Can a Small LLM Learn to Reason Like a Larger One? Reflection-based Fine-Tuning vs Classical SFT on LLaMA 3.2 (Java CodeGen)

Hello Hugging Face community,

My name is Arda Mülayim, and I’m a final-year computer engineering student from Turkey. I’ve been exploring whether a small LLM like LLaMA 3.2 (3B) can inherit reasoning capabilities from a much larger model—such as Claude 4—by training on structured reflections over its own mistakes. The key idea is to go beyond copying outputs and instead try to transfer reasoning patterns through fine-tuning.

I fine-tuned two models using the CodeXGLUE text-to-code dataset (Java subset), each with 100k training samples. For one model, I applied standard supervised fine-tuning (SFT). For the other, I augmented 10k of the examples with Claude-4-Sonnet-generated feedback that included: (1) where the model’s output went wrong, and (2) what the model could learn from the mistake. These reflections were inserted as additional training prompts.

The two models are:

  • One trained with 100% standard SFT
  • One trained with 90% SFT + 10% reflection-based samples

To evaluate performance, I selected 100 held-out Java code generation tasks and asked Claude-4-Sonnet to rate each output.
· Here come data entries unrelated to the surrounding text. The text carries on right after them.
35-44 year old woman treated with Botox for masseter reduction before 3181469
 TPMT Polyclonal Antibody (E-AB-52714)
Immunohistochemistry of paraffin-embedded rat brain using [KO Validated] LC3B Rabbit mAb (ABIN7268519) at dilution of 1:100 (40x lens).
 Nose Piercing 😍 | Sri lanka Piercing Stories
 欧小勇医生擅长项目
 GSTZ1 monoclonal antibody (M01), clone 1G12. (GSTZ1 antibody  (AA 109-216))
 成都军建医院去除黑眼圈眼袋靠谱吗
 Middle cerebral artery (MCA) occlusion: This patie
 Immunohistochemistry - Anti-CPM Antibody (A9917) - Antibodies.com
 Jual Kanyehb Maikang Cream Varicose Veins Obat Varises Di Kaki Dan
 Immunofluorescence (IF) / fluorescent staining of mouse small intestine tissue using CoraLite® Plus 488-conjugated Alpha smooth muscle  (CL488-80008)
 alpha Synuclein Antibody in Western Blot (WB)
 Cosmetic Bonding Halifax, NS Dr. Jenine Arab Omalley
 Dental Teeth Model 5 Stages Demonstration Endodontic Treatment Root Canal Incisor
The results were:

  • SFT model: 60.66 / 100 average score, 30.98 std, 0.6012 validation loss
  • Reflection model: 63.27 / 100 average score, 30.76 std, 0.5770 (SFT loss) / 0.3945 (meta loss)

The reflection-based model achieved a +4.3% gain in preference score with slightly lower variance, suggesting better generalization and internalization of error patterns.

In interactive testing, the difference becomes even more noticeable. When faulty Java code is fed into the model during a chat session and asked to “analyze the mistake,” the reflection model tends to give coherent, grounded answers—often partially or even mostly correct. In contrast, the SFT model frequently hallucinates details or misinterprets the logic entirely.

I also tested a 3-stage pipeline: (1) initial code generation, (2) self-critique, and (3) revised generation. While the reflection model performs significantly better in the analysis step, the final regeneration step often produces code very similar to the original, with only minor safety improvements like null checks. This suggests that while the model is learning to reason about code, its willingness to revise outputs may still be limited.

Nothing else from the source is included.